Nuovo colpo della Polizia di Stato contro il fenomeno dei furti di rame e metalli nel capoluogo piemontese. In due distinti interventi, avvenuti nel giro di poche ore, gli agenti hanno arrestato due uomini e sequestrato ingenti quantitativi di materiale di sospetta provenienza, per un valore complessivo di decine di migliaia di euro.
Inseguimento in via Stampini: fermato con oltre una tonnellata di metalli
Il primo episodio si è verificato alle prime luci dell’alba in via Stampini. Una pattuglia della Squadra Volante ha notato un furgone che, alla vista dell’auto di servizio, ha improvvisamente accelerato, compiendo manovre pericolose. Il conducente ha invaso la corsia opposta e attraversato diversi incroci con il semaforo rosso nel tentativo di sottrarsi al controllo.

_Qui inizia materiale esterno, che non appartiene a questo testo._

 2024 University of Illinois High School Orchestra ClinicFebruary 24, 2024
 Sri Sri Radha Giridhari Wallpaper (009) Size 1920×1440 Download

L’inseguimento si è concluso poco dopo, quando gli agenti sono riusciti a bloccare il mezzo. Alla guida un cittadino rumeno di 37 anni, arrestato per resistenza a pubblico ufficiale e denunciato a piede libero per ricettazione.
La perquisizione del veicolo ha permesso di scoprire circa una tonnellata e mezza di metalli, ritenuti di dubbia provenienza, oltre a due targhe francesi risultate sospette. Il materiale è stato posto sotto sequestro per ulteriori accertamenti.
Furto in cantiere a Madonna di Campagna: dipendente arrestato
Poche ore più tardi, un secondo intervento ha interessato un cantiere edile in via Verolengo, nel quartiere Madonna di Campagna. Qui l’attenzione degli agenti del locale Commissariato è stata attirata da un furgone parcheggiato nelle vicinanze con il motore acceso.
All’interno del mezzo si trovava un cittadino albanese di 40 anni, subito fermato dai poliziotti. Nel vano di carico erano state occultate cinque bobine di rame, per un valore stimato superiore ai 25 mila euro.
Gli accertamenti successivi hanno fatto emergere che l’uomo era dipendente di una ditta impegnata nei lavori del cantiere, circostanza che ha aggravato la sua posizione. Per lui è scattato l’arresto con l’accusa di furto aggravato.
Contrasto ai furti di rame: un fenomeno ancora diffuso
I furti di rame e metalli rappresentano da tempo una criticità per il territorio torinese, con ripercussioni economiche rilevanti per aziende e infrastrutture. L’operazione condotta nelle ultime ore conferma l’attenzione costante delle forze dell’ordine nel contrastare un fenomeno che continua a generare danni ingenti.
Il materiale sequestrato sarà ora oggetto di ulteriori verifiche per risalire alla provenienza e individuare eventuali ulteriori responsabilità.